Added few more comments. One more thing to note is that #6047 is now merged, so it may be better if you pull the latest main branch and add similar changes to LSTM one as you did for RNN one. After that, you can also consider to parametrise your last test over different classes.

After you do these, let us know and let's run CI. If all tests pass, we can merge it soon. But probably it'll fail few due to freq things, so may be @fkiraly can suggest what's the next course of action here.

sktime/forecasting/base/adapters/_neuralforecast.py Outdated Show resolved Hide resolved
sktime/forecasting/tests/test_neuralforecast.py Outdated Show resolved Hide resolved
sktime/forecasting/tests/test_neuralforecast.py Outdated Show resolved Hide resolved
sktime/forecasting/tests/test_neuralforecast.py Outdated Show resolved Hide resolved
sktime/forecasting/tests/test_neuralforecast.py Outdated Show resolved Hide resolved
sktime/forecasting/base/adapters/_neuralforecast.py Outdated Show resolved Hide resolved
@geetu040
Copy link
Contributor Author

geetu040 commented Mar 5, 2024

Thanks for a detailed Review.

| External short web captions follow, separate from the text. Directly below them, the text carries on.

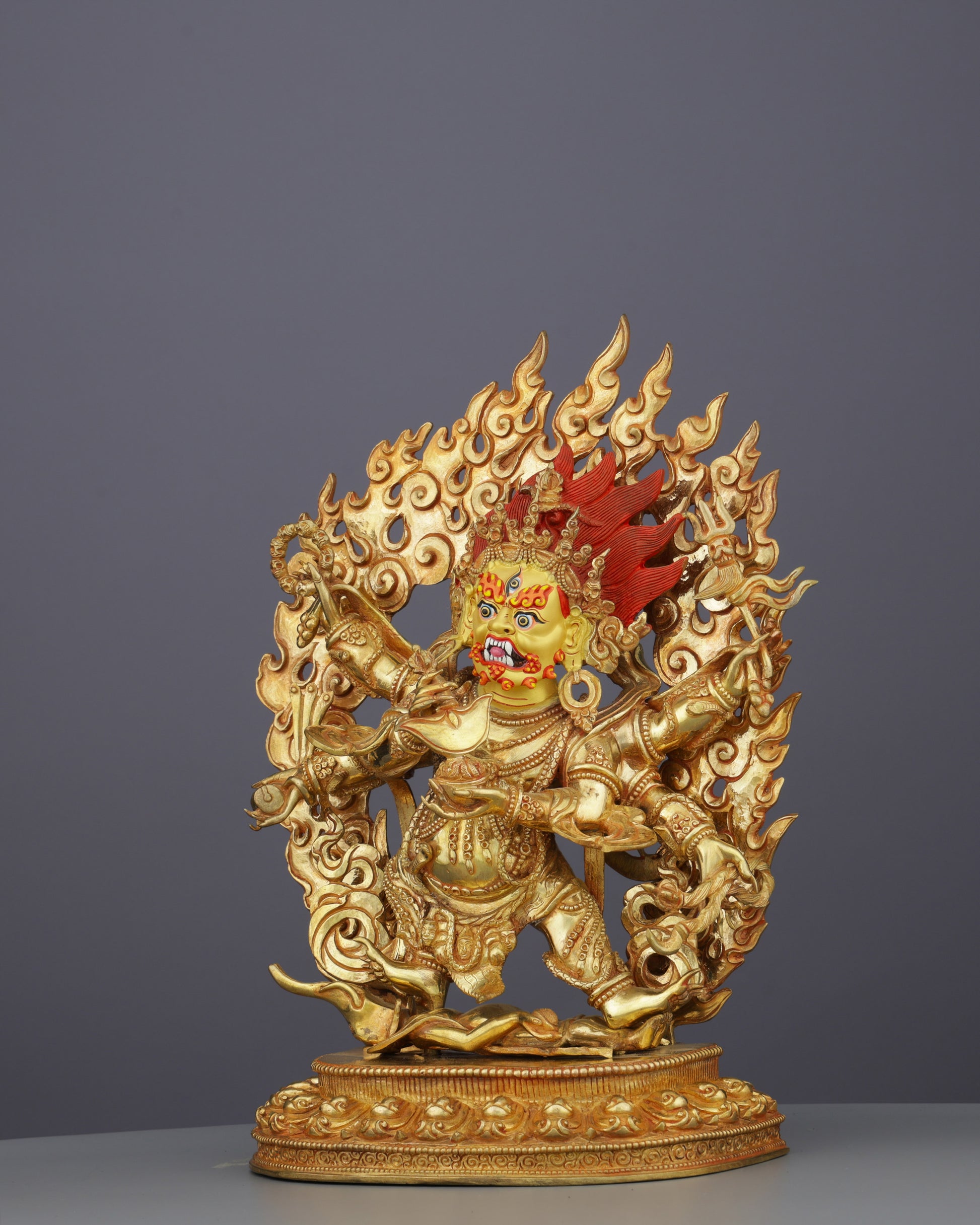 Handcrafted Six Armed Mahakala | Guardian of Transformation in Radiant Gold - Authentic Handcrafted Statue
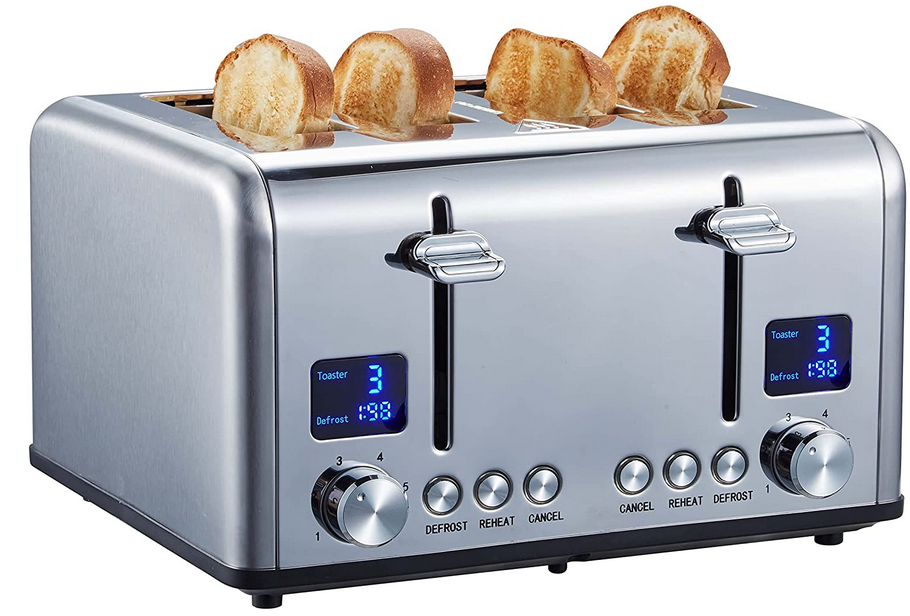 Steinborg SB 2080 Edelstahl 4 Scheiben Toaster mit Brötchenaufsatz für 39,90€ (statt 50€)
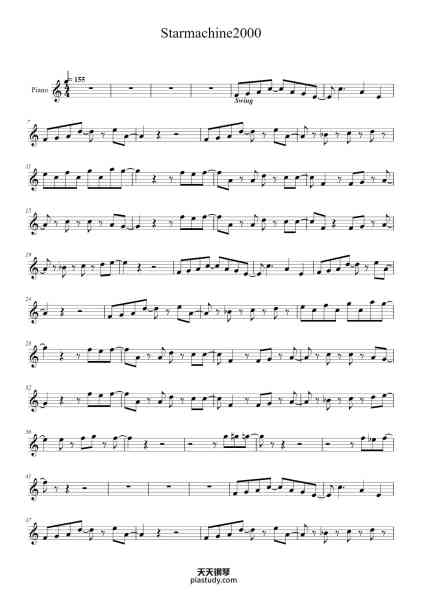 “Starmachine2000”钢琴谱-Wintergatan (Arr: Lars E.)-免费下载-天天钢琴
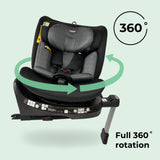 My Babiie MBCSSPIN i-Size (40-150cm) Spin Car Seat - Black Herringbone - GRADE A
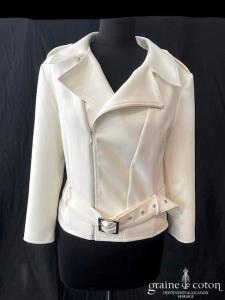 Justin Alexander Signature - Veste façon perfecto en crêpe ivoire clair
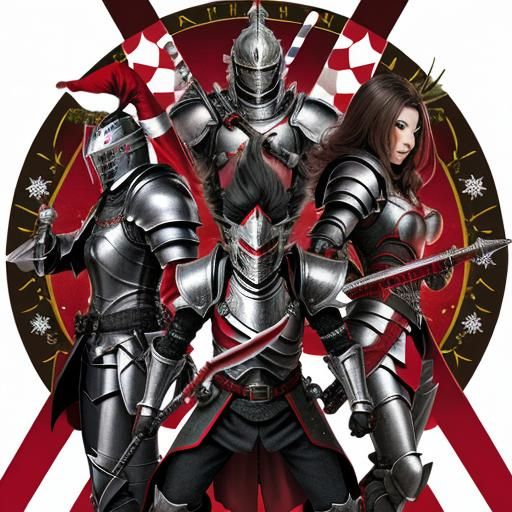 Anime Knight with Candy Cane Spear for Christmas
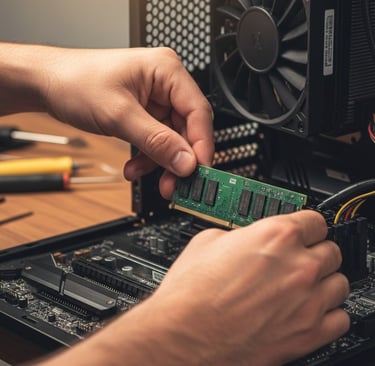 Imagem de um técnico fazendo upgrade de memória em um computador.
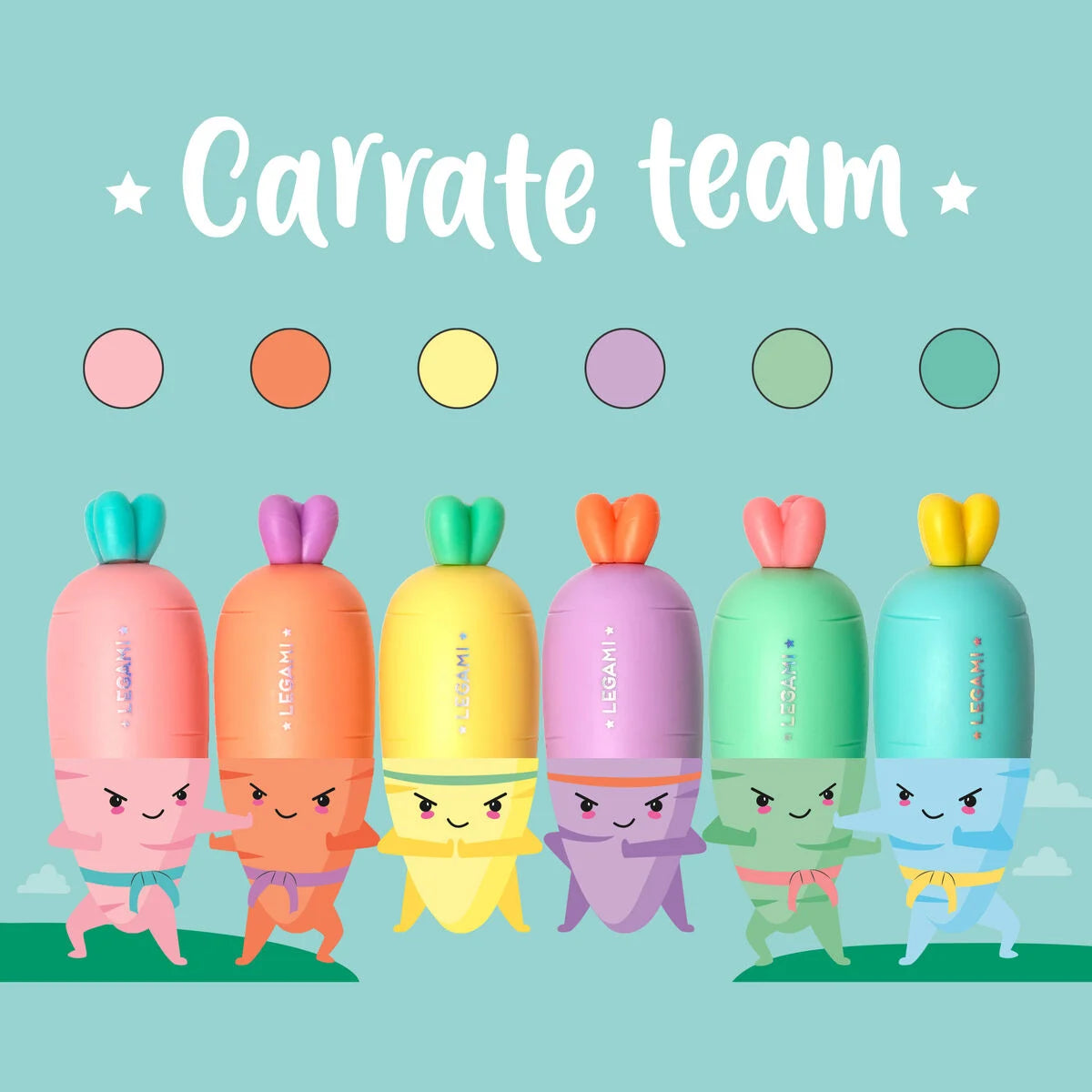 Legami Milano - Set di 6 Mini Evidenziatori - Carrate Team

I am on it.

Copy link
Collaborator

@fkiraly fkiraly left a comment

Choose a reason for hiding this comment

The reason will be displayed to describe this comment to others. Learn more.

Re tests: could you kindly make sure that a test case with freq="auto" is added to get_test_params? I suppose this ought to be added both on RNN and LSTM.

@geetu040
Copy link
Contributor Author

geetu040 commented Mar 6, 2024

Re tests: could you kindly make sure that a test case with freq="auto" is added to get_test_params? I suppose this ought to be added both on RNN and LSTM.

I tried and discussed it here: #6039 (comment)

We can still not replace D with auto in freq for get_test_params because it fails the test case because of the Exception I raise here

and this

So my thoughts are that we should work on test cases that are failing because of this newly introduced Exception. Maybe we should alter them to check for this Exception when ForecastingHorizon cannot interpret the freq because of invalid indexing.

@fkiraly what are your thoughts?

@fkiraly
Copy link
Collaborator

fkiraly commented Mar 6, 2024

@fkiraly what are your thoughts?

Does the suggestion of passing D if a RangeIndex is encountered not work? See here: #6039 (comment)

Maybe to clarify, my suggestion was that the adapter should do that, not the user.

@geetu040
Copy link
Contributor Author

geetu040 commented Mar 7, 2024

So once we tested and in case we find that freq is irrelevant for RangeIndex, can't we do as follows: if index is RangeIndex, just pass "D" so neuralforecast is happy?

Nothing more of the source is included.